Dalam sejarah Kesunanan Surakarta disebutkan bahwa Paku Buwana III (1749-1788) mengambil tiga orang patihnya sebagai menantu yaitu R.Ad. Mangkupraja, R.Ad. Jayadiningrat, dan R.Ad. Cakraningrat. Dua orang putri Paku Buwono IV dikawinkan dengan R.Ad. Sasradiningrat II dan R. Ad. Sasradiningrat III. Putri Paku Buwono VII lahir dari garwa ampeyan atau selir, juga dikawinkan dengan R.Ad. Sasradiningrat III. Paku Buwono IX mengambil menantu R.Ad. Sasradiningrat IV, dan Paku Buwono X mengambil R.Ad. Jayanagara sebagai menantu.

Pada umumnya para patih itu diambil menantu oleh raja pada waktu mereka masih menjabat bupati nayaka. Sasradiningrat IV, yang setelah pensiun dikenal sebagai Kanjeng Kleca diambil menantu oleh Paku Buwono IX ketika menjabat sebagai bupati nayaka dengan nama R.T Purwanagara. Triman putri raja kepada priyayi mengandung arti, bahwa priyayi itu mendapat anugerah dari raja dan ini memungkinkan ia dapat meningkatkan pangkatnya dengan mudah. Selain keturunannya menjadi cucu raja lewat garis wanita, pada umumnya status kebangsawanan priyayi itu juga terangkat. 

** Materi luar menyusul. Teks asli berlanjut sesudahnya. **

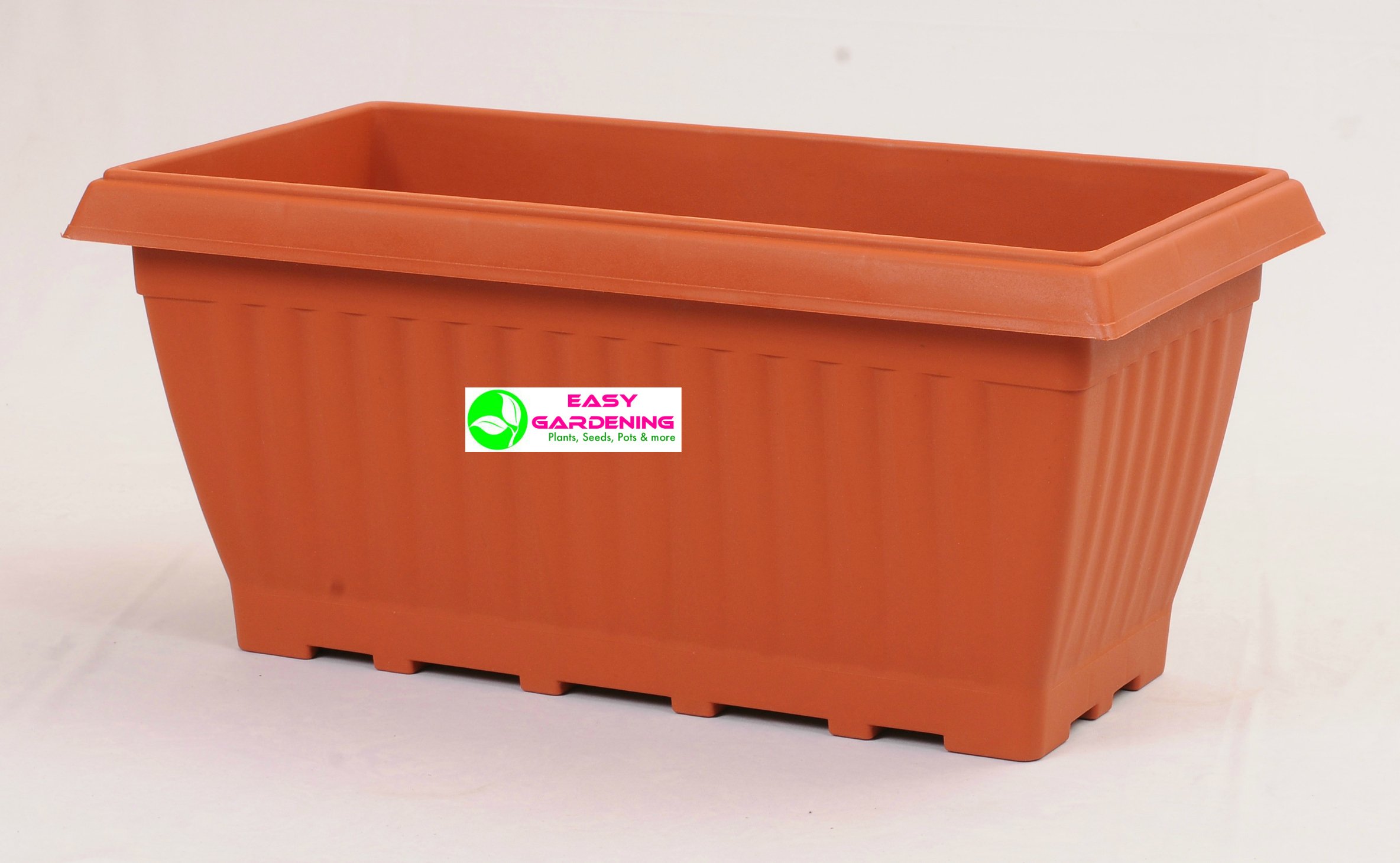 Easy Gardening Royal 4 Rectangle Pots - Terracotta Color Planter(Pack of 3) (B01HOR5FGK) Amazon Price History, Amazon Price Tracker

Perkawinan antara bangsawan dan priyayi ini juga berlaku pada golongan priyayi tingkat bawah. Seorang priyayi berpangkat kliwon dengan status canggah atau piut raja, jika ingin tetap berada dalam lingkup kerabat raja atau meningkatkan status sosialnya, maka anaknya laki-laki harus dicarikan jodoh seorang putri yang sedikitnya berstatus cicit raja. Jika ia menginginkan menantu seorang putri pangeran sentana, maka ia harus membawa anaknya ke ndalem pangeran itu, agar dapat diterima sebagai panakawan. Sebagai panakawan, ia harus rajin mengikuti perintah tuannya, misalnya pada hari-hari tertentu harus datang untuk mempelajari berbagai macam cabang kesenian Jawa, berbagai macam ketrampilan yang harus dimiliki oleh priyayi, etiket yang berlaku di dalam kraton dan di dalam kalangan bangsawan pada umumnya.

Jika pangeran berkenan mengambilnya sebagai menantu, ia tidak dapat menyampaikan keinginannya secara langsung kepada panakwan itu. Menurut adat yang berlaku bahwa orang tua perempuan, betapapun tinggi kedudukannya, tidak dibenarkan apabila ia melamar anak laki-laki untuk dijodohkan dengan anaknya. Hanya raja saja yang berhak untuk menunjuk seseorang untuk diberi triman putrinya. Dengan demikian, maka pangeran membutuhkan seorang congkok, yaitu seorang perantara yang menghubungkannya dengan orang tua calon menantu. Untuk melamar putri pangeran, seorang kliwon dari  golongan bangsawan harus membuat surat lamaran dengan bahasa yang sangat halus, dan mendapatkan dirinya dalam kedudukan yang amat rendah. Sebaliknya, surat jawaban dari pangeran kepada kliwon menggunakan bahasa ngoko. 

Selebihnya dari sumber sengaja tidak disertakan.